Nas poucas árvores, caturritas que tinham expulsado os passarinhos gritavam. A
cidade está sendo gradualmente tomada pelas caturritas. Começaram a invasão instalando-se
nas árvores que restam em torno do Quartel-General. Fizeram ali os seus enormes
ninhos. Quando as vi naquele local, considerei que havia lógica: caturritas são
verdes. Depois, a lógica sumiu, quando as caturritas tomaram conta das praças e
das últimas grandes árvores. Preocupado, comentei com várias pessoas a
respeito. Mudavam de assunto. Nesta cidade, o que acontece ou deixa de
acontecer logo ali acima dos que caminham pelas calçadas ou trafegam pelas ruas
não faz a menor diferença. Ninguém se importa, preferem escrever pias mensagens
comportamentais no Facebook.
Ajudei o seu Chico a se recuperar da
última gargalhada e perguntei a razão de toda aquela alegria.
- Mas não tem lido as notícias,
vivente? – perguntou, com cara de alarme.
- Ora, seu Chico, o senhor sabe que as
notícias...
- Eu sei, eu sei. Eles só publicam o
que interessa aos patrões dos jornais. Além do quê, mesmo que desejassem
publicar o resto, não haveria leitores. Quem se interessa pelo quê? Aqui,
jornal só vende se tiver coluna social e comentários sobre as novelas. Mas fora
daqui, logo ali passando a porteira e indo mais além, depois do campo desertificado
por produtos agrícolas e pelos transgênicos e seguindo em frente... E deu outra
gargalhada. Recuperou-se, aos poucos, e falou: - Sabe a última da dona Dilma?
- Qual delas?
- Qual delas? – essa é ótima! Têm
tantas... Me refiro à reação da chefe do Poder Executivo contra a espionagem.
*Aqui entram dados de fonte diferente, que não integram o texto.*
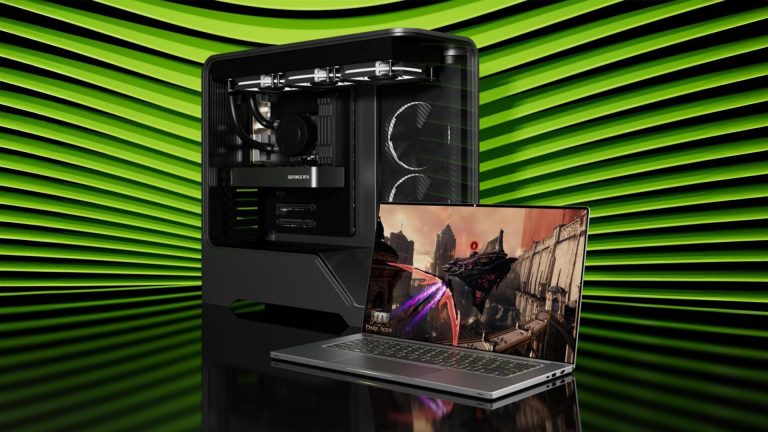 NVIDIA svela la RTX 5060 e i giochi next-gen con DLSS 4: DOOM, Crimson Desert e altro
Limitou-se às mensagens pela Internet. Depois que soube que não é só os Estados
Unidos, mas todos os irmãos de língua inglesa – Nova Zelândia, Canadá,
Inglaterra, Austrália – que estão vigiando o seu governo para ver se ela se
comporta bem, conforme o agendado, e não só a ela, como a todos os brasileiros
e não brasileiros que desejarem, sabe o que a dona Dilma fez?
- O quê?
- Nada! O amigo não se deu conta que as
notícias sobre espionagem sumiram do noticiário?
- Na verdade, eu não tenho acompanhado
muito.
- E como acompanhar, se não há o que
acompanhar?
- Mas então, a última dela não é a
última. Não fez nada...
- Fez! O pior é que fez! Não fez nada a
nosso favor, não fez nada para defender os cidadãos da invasão eletrônica, da
espionagem telefônica, do roubo de senhas, da investigação dos e-mails.
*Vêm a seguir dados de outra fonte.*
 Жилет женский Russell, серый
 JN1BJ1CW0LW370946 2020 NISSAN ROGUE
- Então, ela fez o quê, seu Chico?
- Ela encontrou lá uma maneira de
proteger os seus próprios e-mails e os dos seus ministros e mais achegados, e
ficou tudo por isso mesmo. E o pedido de desculpas que foi exigido dos Estados
Unidos e do Canadá? Nem ligaram pra ela. Não é uma total desmoralização? Só rindo.
Às vezes eu penso em cruzar a fronteira e ir pro Uruguai, respirar um pouco de
dignidade. E o último leilão do nosso petróleo? Pois não está na Constituição
que as riquezas do subsolo pertencem ao Estado? E agora estão vendendo...
- Mas quem está leiloando é o Governo,
seu Chico.
- O Governo não é o Estado, mas apenas
uma das suas instituições, assim como as escolas, o exército e outras tantas
instituições que compõem o Estado. Não se pode confundir Governo com Estado. E
nenhum governo pode ir contra a Constituição.
- Eu sei que existem muitas ações
contra esse leilão.
- E sabe no que vão dar? Em nada.
- O pior é isso. Se ninguém defende o
Estado, a nação fica desamparada.
-
Desamparada e relegada a...
Naquele momento, ouviu-se uma gritaria,
foguetes e buzinas. A cidade acordava exultante. Seu Chico me olhou, irônico.
- Deve ter sido um gol, seu Chico.
- Pois era o que eu estava dizendo: a
nação ficou relegada a gritos de gol. Não dá vontade de rir?
Um bom recado para D.Dilma e asseclas. Às vezes dá vontade de acompanhar S.Chico e rir. Rir muito.